▶ TASK TO CARRY OUT:
Skip the pictures. Give all the data again exactly.

▶ INFORMATION SUPPLIED:

######

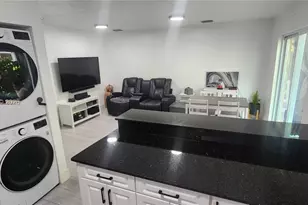11424 NW 94th Pl, Hialeah Gardens, FL 33018 - Photo 15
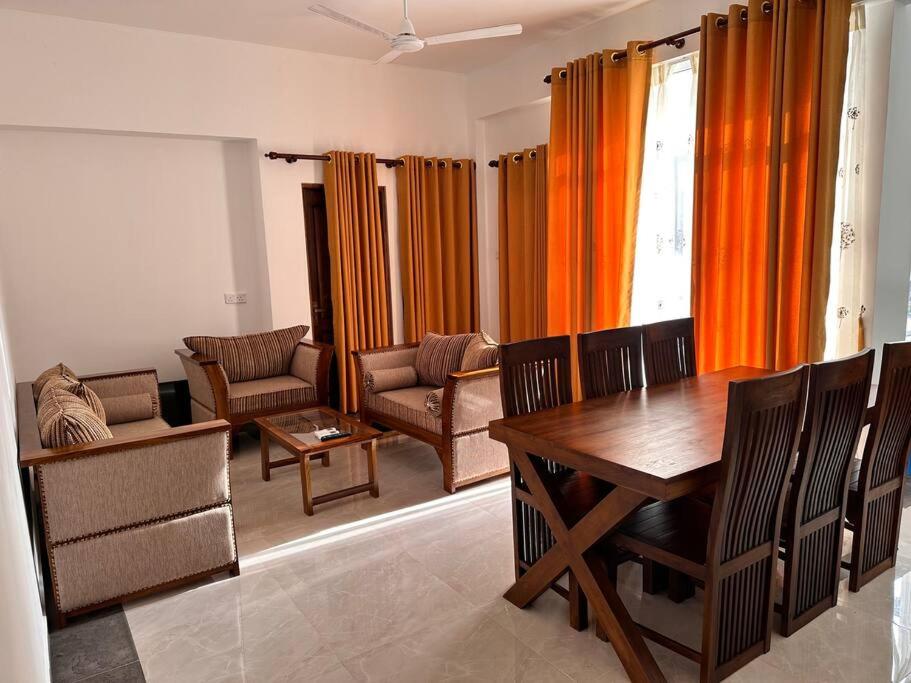 马哈拉贾马2 Bedroom Apartment - Aurora Residences Maharagama的客厅配有木桌和椅子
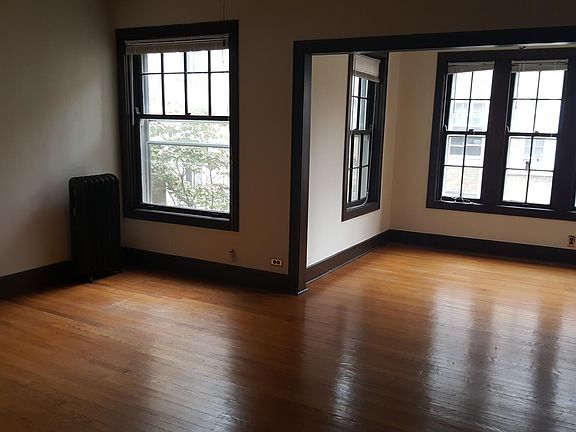 3rd image of 146 N Humphrey Ave #D3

######

▶ ANSWER TO THE PROBLEM:
11424 NW 94th Pl, Hialeah Gardens, FL 33018 - Photo 15
 马哈拉贾马2 Bedroom Apartment - Aurora Residences Maharagama的客厅配有木桌和椅子
 3rd image of 146 N Humphrey Ave #D3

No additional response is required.